Coaching career (HC unless noted)
- 1964–1965: Warner Robins HS (GA) (assistant)
- 1965–1967: Baker HS (GA) (assistant)
- 1967–1968: Phenix City HS (AL)
- 1968–1970: Troy State (DC)
- 1971–1972: Florence State (DC)
- 1973–1974: South Carolina (DE)
- 1975–1977: Southern Miss (DC)
- 1978: Oklahoma State (DL)
- 1979: Florida (DL)
- 1980–1981: LSU (AHC/DL)
- 1982: LSU (AHC/DC/DL)
- 1983–1984: LSU (AHC/DL)
- 1985–1986: LSU (DL)
- 1987–1989: LSU (DC/DL)
- 1990: LSU (AHC/DL)
- 1991–1995: Mississippi State (DL)
- 1996–1998: Auburn (DL)
- 2000–2001: LSU (DL)
- 2007–2009: Philadelphia Eagles (DL)
- 2013: USC (DL)
- 2016–2017: LSU (DL)
- 2023: LSU (DL)

= Pete Jenkins =

American football player and coach (born 1941)

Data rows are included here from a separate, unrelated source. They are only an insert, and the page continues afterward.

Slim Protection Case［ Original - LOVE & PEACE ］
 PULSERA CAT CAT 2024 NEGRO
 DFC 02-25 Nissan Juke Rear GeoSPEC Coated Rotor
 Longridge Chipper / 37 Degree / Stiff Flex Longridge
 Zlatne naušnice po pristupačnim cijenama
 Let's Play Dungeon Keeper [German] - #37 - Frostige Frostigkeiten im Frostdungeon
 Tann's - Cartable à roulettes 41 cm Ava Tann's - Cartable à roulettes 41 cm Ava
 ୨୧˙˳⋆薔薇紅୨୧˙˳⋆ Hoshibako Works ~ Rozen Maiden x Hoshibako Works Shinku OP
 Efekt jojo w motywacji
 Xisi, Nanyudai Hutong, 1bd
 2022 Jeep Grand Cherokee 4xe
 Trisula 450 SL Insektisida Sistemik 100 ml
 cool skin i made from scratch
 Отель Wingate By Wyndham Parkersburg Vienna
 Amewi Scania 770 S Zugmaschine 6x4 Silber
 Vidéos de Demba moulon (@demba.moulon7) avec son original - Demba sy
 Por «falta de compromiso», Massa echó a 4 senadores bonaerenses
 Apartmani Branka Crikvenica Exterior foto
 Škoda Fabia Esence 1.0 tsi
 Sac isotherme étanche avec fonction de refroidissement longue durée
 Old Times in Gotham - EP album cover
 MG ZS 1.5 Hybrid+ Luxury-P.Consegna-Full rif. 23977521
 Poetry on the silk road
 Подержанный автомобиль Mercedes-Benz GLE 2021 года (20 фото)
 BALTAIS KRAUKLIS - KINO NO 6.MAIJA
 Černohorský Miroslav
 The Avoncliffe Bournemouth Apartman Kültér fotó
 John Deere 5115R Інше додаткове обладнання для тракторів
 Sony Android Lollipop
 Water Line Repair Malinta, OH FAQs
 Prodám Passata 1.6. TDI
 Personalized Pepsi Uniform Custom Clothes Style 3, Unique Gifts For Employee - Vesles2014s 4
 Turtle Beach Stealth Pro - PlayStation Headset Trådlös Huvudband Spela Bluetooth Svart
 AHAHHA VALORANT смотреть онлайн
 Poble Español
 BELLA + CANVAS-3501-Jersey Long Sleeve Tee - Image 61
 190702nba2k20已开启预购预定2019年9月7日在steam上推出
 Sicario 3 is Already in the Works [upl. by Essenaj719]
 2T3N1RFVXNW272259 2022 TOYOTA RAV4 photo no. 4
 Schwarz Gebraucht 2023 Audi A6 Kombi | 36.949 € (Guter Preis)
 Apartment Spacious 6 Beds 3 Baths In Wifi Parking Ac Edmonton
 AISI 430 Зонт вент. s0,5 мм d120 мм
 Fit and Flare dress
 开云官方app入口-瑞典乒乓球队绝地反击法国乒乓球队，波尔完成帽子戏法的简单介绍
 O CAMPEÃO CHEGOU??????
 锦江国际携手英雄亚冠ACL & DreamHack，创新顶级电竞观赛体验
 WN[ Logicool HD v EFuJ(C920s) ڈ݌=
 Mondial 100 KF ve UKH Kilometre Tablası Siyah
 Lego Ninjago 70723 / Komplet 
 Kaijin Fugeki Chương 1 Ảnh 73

Pete Jenkins (born August 27, 1941) is an American former football coach and player. His coaching career spanned a 54-year period from 1964 to 2017 at the high school, college and professional level. Having mentored numerous NFL and college defensive line coaches, Jenkins is credited with revolutionizing the way the position is taught and coached and revered as one of the greatest defensive line coaches in football history. He spent a total of 22 seasons in the Southeastern Conference (SEC) and three in the National Football League (NFL). Jenkins coached in 14 bowl games and was part of two NFL playoff team appearances. He also sent over 30 players that he coached in college to the NFL.

==Playing career==
Jenkins played football at Western Carolina University from 1961 to 1964.

==Coaching career==
===High School coaching career===
Jenkins began his coaching career in 1964 as an assistant coach at Warner Robins High School in Warner Robins, Georgia and was also an assistant coach at Baker High School in Columbus, Georgia. From 1967 to 1968, he was head coach at Phenix City High School in Phenix City, Alabama.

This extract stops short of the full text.